During the second winter (2019/2020), we added 4 more environments to the experiment. These new environments were three chambers covered with different materials plus the conditions outside these chambers in Campus Endenich of the University of Bonn. By transferring the trees across environments at different times, we were able to generate 66 experimental seasons in apple and 33 experimental seasons in pear.

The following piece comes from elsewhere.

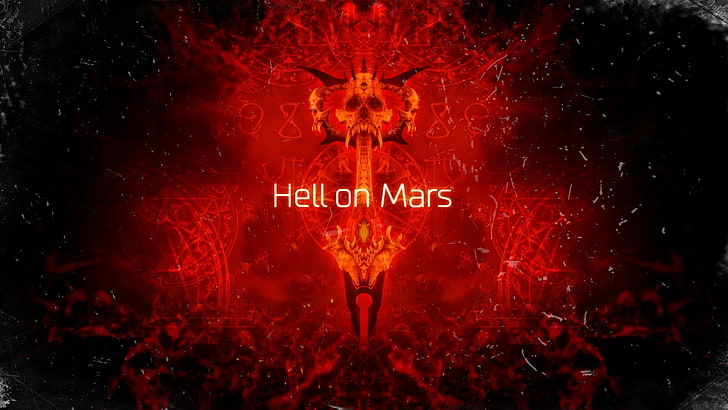Hell on Mars digital wallpaper, Doom 4, Doom (game), red, communication, HD wallpaper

In the plot below, we can take a look at a schematic representation (animated🙂) of the experiment using the libraries ggplot2 and gganimate. Note that most of the code for plotting is a common ggplot call using the geom_jitter() and geom_path() functions. We can later add the animation with the transition_reveal() function.

We’ll need the interactive_plot_PLS.csv file, which you can download here. As usual, please save this in your data directory.

library(ggplot2)
library(gganimate)
library(gifski)
library(png)

data <- read_tab("data/interactive_plot_PLS.csv")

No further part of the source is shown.